[Short web captions]
·····
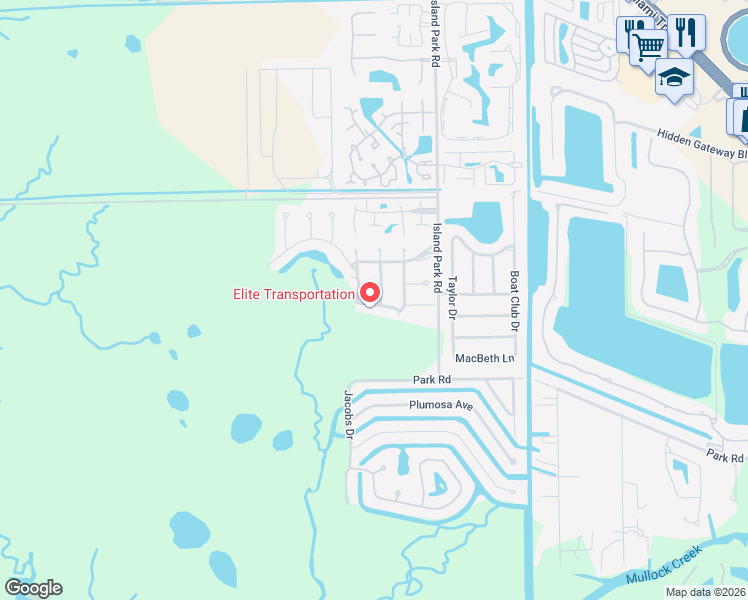 map of restaurants, bars, coffee shops, grocery stores, and more near 17654 Captiva Island Lane in Fort Myers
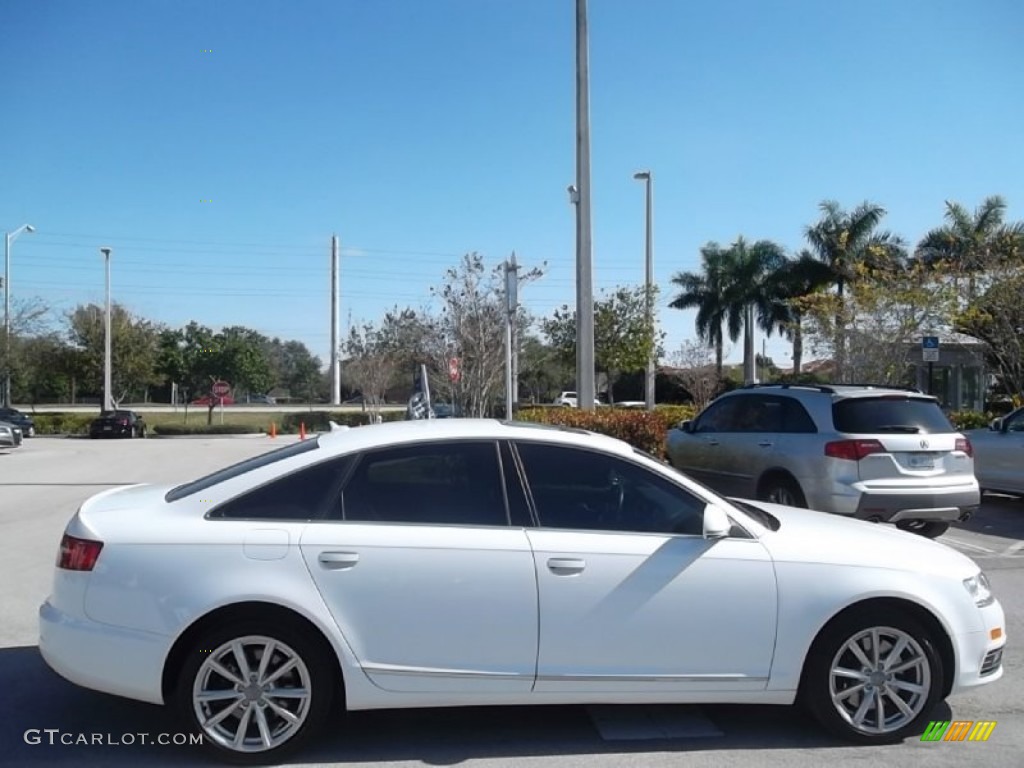 Ibis White 2009 Audi A6 3.0T quattro Sedan Exterior Photo #59194034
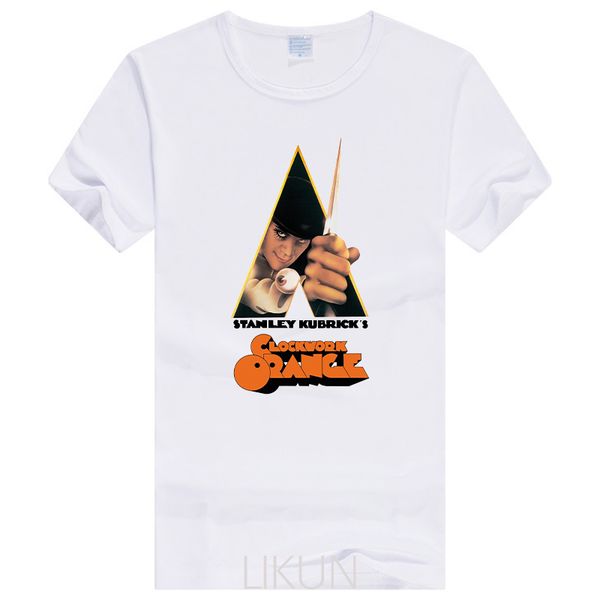 

clockwork orange movie 70s retro cool poster vintage t shirt customize tee shirt print casual short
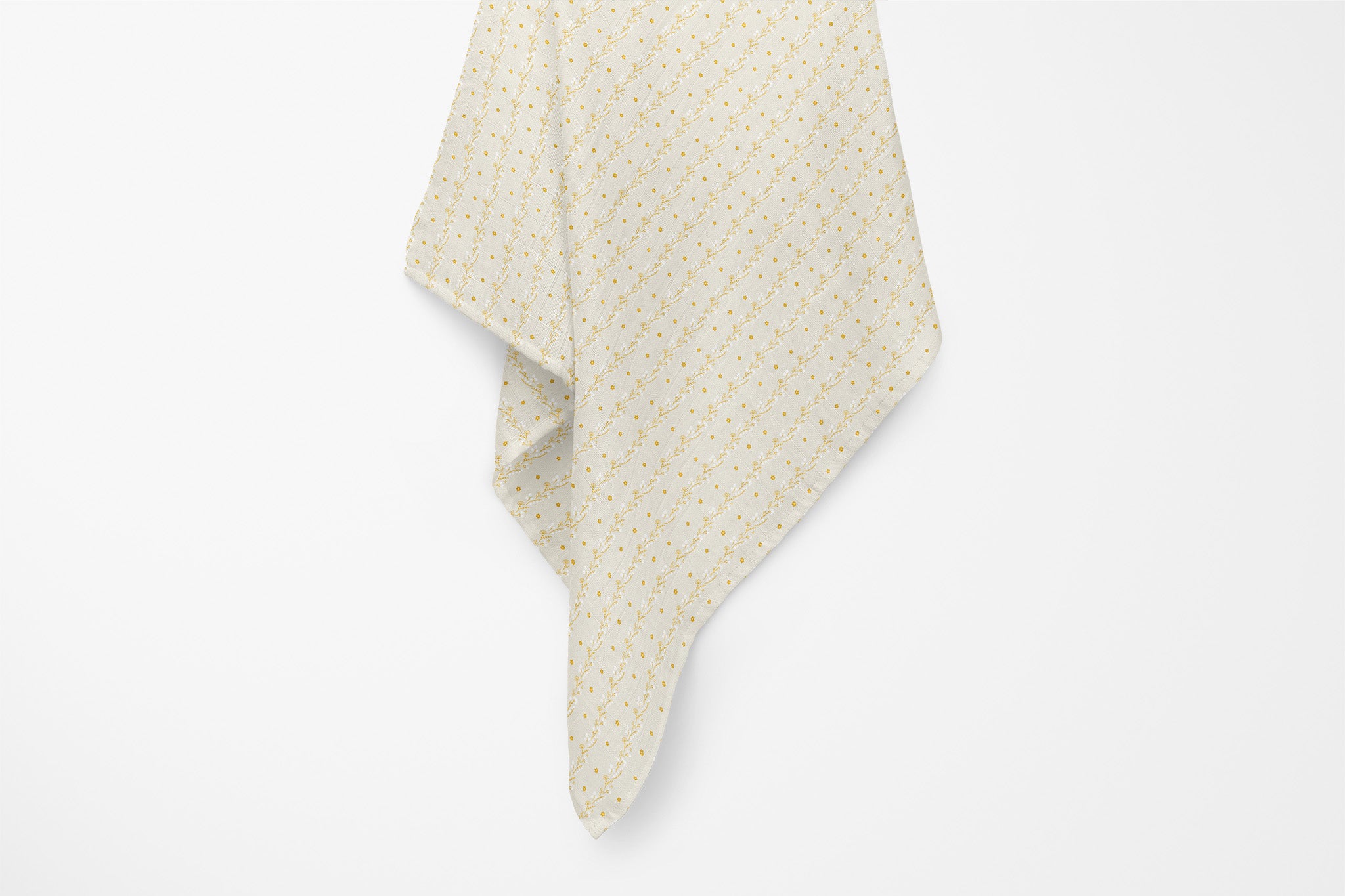 Golden Meadow Organic Bamboo Swaddle Blanket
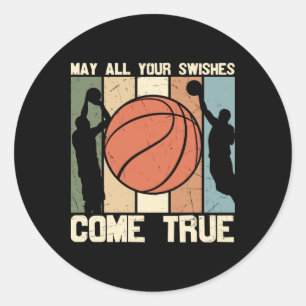 Moge al uw wensen uitkomen ronde sticker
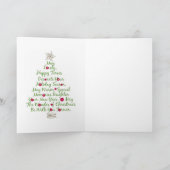 Merry KerstKoala Beer Feestdagen Kaart (Binnen)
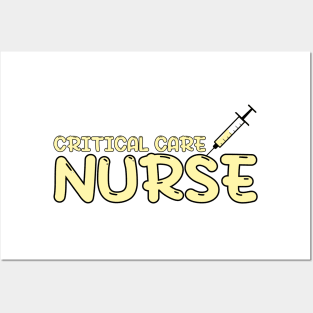 Critical Care Nurse Posters and Art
·····
▶ **Task**
Leaving out the pictures, repeat the data above exactly.

▶ **Task response**
 map of restaurants, bars, coffee shops, grocery stores, and more near 17654 Captiva Island Lane in Fort Myers
 Ibis White 2009 Audi A6 3.0T quattro Sedan Exterior Photo #59194034

clockwork orange movie 70s retro cool poster vintage t shirt customize tee shirt print casual short
 Golden Meadow Organic Bamboo Swaddle Blanket
 Moge al uw wensen uitkomen ronde sticker
 Merry KerstKoala Beer Feestdagen Kaart (Binnen)
 Critical Care Nurse Posters and Art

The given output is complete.